When he graduated in 1987, Zhang set up what he describes as Beijing’s first art collectives with former classmates. But, shocked by the Tiananmen Square massacre in 1989, he left China to spend some time in Italy. He was allowed to leave the country only because he was married to an Italian, otherwise he would not have been able to obtain a passport.
Upon returning in 1995, he couldn’t believe his eyes. “For a while, I had this idea in my mind of making graffiti in Beijing, but there was no focus,” he explained. “When I saw the destruction occurring here and the effect it was having on the people, I knew I had to make my idea a reality.”
Zhang’s endeavor is no casual matter, especially in the capital. During the prodemocracy protests in 1989, three people lobbed black ink onto the giant portrait of Mao that looms above the entrance to the Forbidden City, his steely eyes ever surveying Tiananmen Square across the road. As far as officials were concerned, this was vandalism of the highest order. The perpetrators were sentenced to between 16 years and life imprisonment.
While Zhang’s graffiti is not as belligerent a statement against authoritarian rule, he is still putting paint in places where it is unwelcome. “Creating art is not against the law,” insisted Zhang. “I have had some scary experiences with the police, but I have had a lot of support from the artistic community and the community at large.”
And it is the community at large that is most affected. If the Ministry of Construction issues an order to demolish an area, tenants are forced to vacate.
“People can either move to another location arranged by the government,” explained Zhang, “or they can receive financial compensation and find another place to live on their own, which is usually with relatives.”
Like the buildings on which Zhang’s work is adorned, his canvases are being ripped up and lie broken amid the scattered remnants of the deconstructed: history removed.
This situation in Beijing reflects the opposite of the International Union of Architects’ Beijing Charter, presented by professor Wu Liang, at the 20th UIA Congress held in Beijing two years ago.
“On the aspect of urban settlement, factors such as planning, architectural design, historical preservation, adapted reuse of old buildings, urban rehabilitation, city renewal and reconstruction should be integrated into a dynamic circulation system,” states the charter.
When asked to elaborate on this point in regard to the current state of Beijing, neither Wu nor the Faculty of Architecture at Tsinghua University, where he teaches, had any comment.
Quite the contrary of Zhang, who is as critical of the government’s behavior as he is of those under the government’s thumb.
“I think my art shocks and maybe makes some angry, but hopefully it will make people use their brain,” he said. “The general public has been anesthetized by the propaganda machine, and because they have accepted submission for so long, it is difficult for them to think independently and actively fight for their rights.”
Zhang’s graffiti consistent identifiable, and nearly unique. Besides an advertisement for a plumber spray-painted beside one of Zhang’s faces, his work was the only graffiti I saw while visiting Beijing.

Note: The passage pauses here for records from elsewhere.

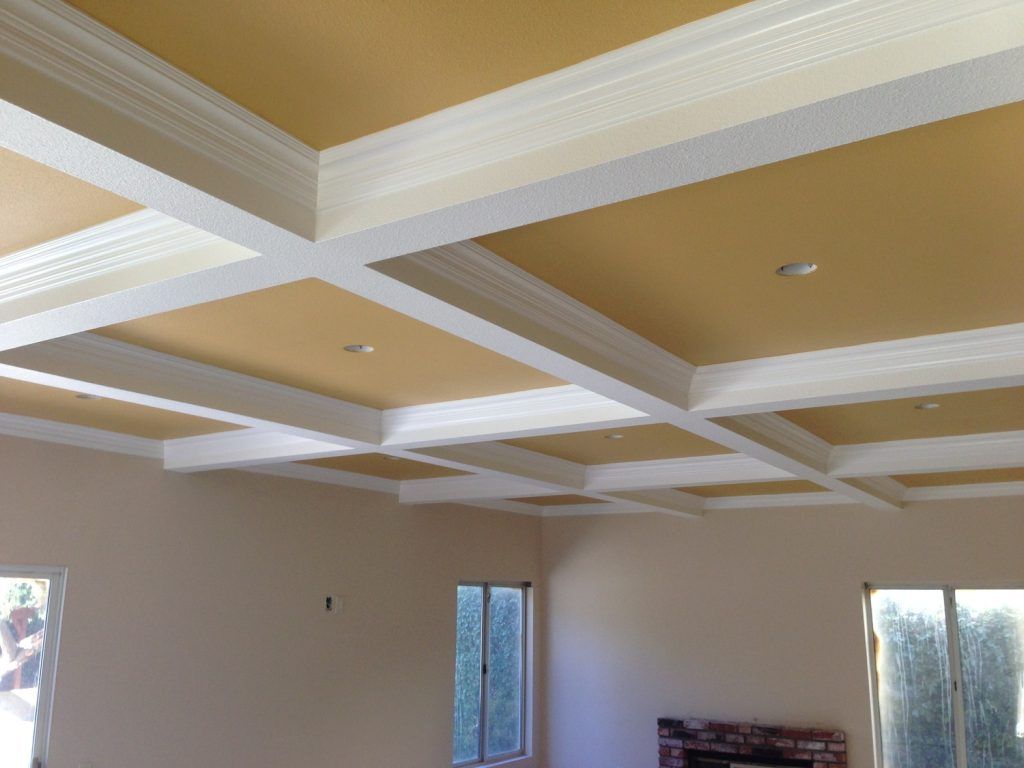 A living room with a coffered ceiling and white trim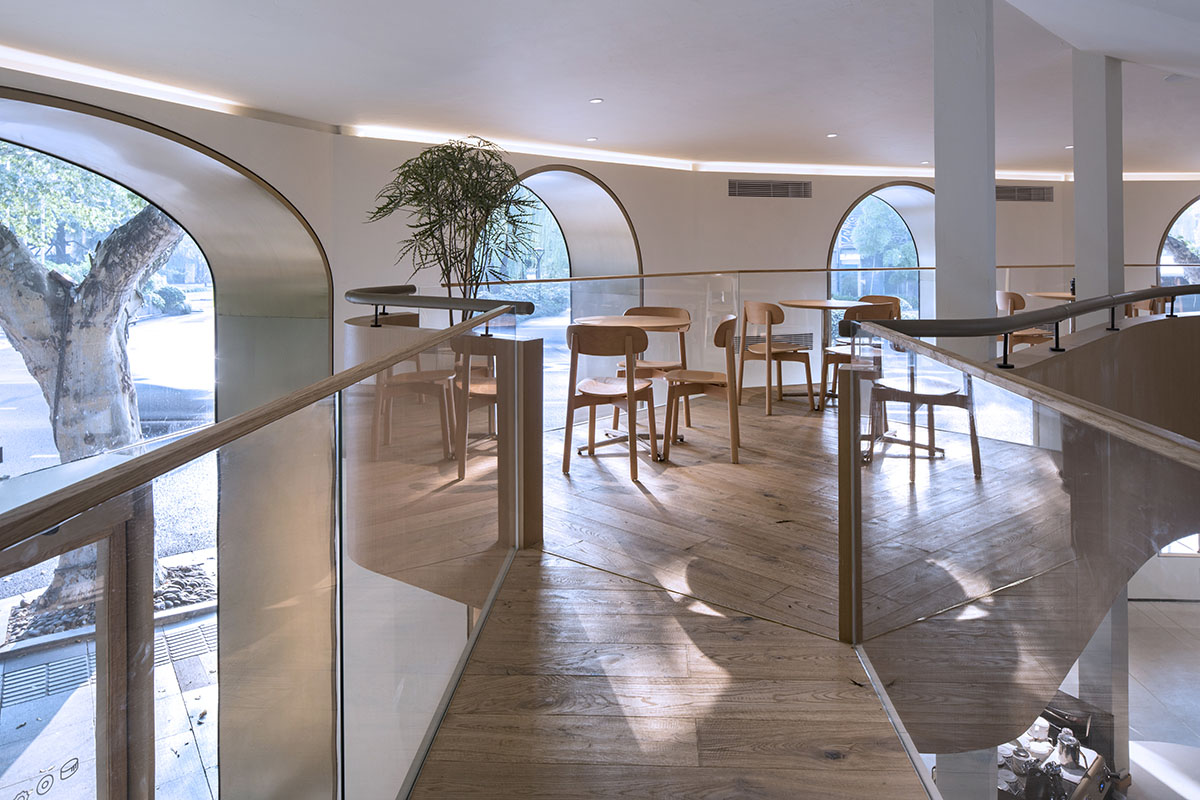 WJ Design combines dark facade with arched glass windows for pastry store in Hangzhou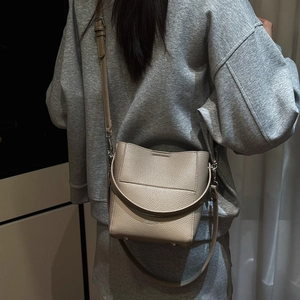 Nahaufnahme der beigen Beuteltasche mit litchi-geprägtem Leder und silbernen Beschlägen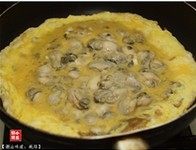 香煎蚝烙,倒入打散的鸡蛋液。轻轻晃动平底锅,使加入的鸡蛋液能均匀地布满整个平底锅。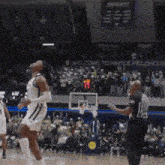 a basketball game is being played in front of a crowd with a sign that says welcome to hinkle fieldhouse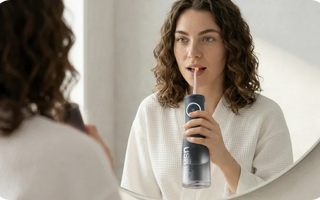 Woman using a black usmile water flosser while looking in a bathroom mirror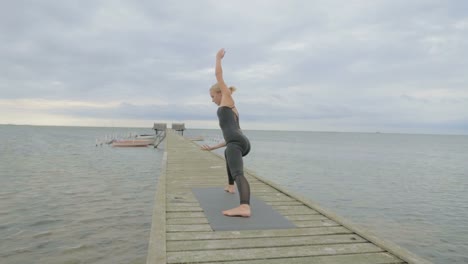 Girl-making-yoga-pose-on-bridge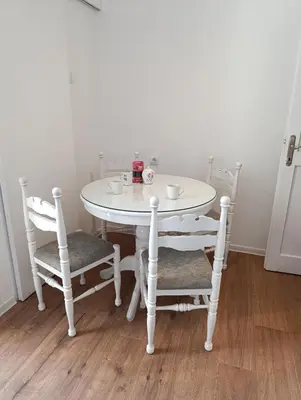 a white table with two chairs and a white table with cups at Eli's apartment in Niš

It cannot be compared to the elaborate designs, obscene drawings and scribbling that can be found in almost any other city. While Zhang’s work has a certain shock value, that is not its sole function. His graffiti serves as a reminder of the urban landscape’s fate before it disappears. It has a limited life span but, Zhang hopes, a less limited impact.
At a small gallery catering to tourists east of the Forbidden City works a 25-year-old named “Hopkin” because it is easier for foreign customers to pronounce. Dealing in art for art’s sake, he seemed surprised when I mentioned the faces.
“I know Zhang,” he said. “He is what you call a guerrilla artist.”
Whether or not Zhang’s statement is a strong enough cog in his revolutionary machine is anyone’s guess.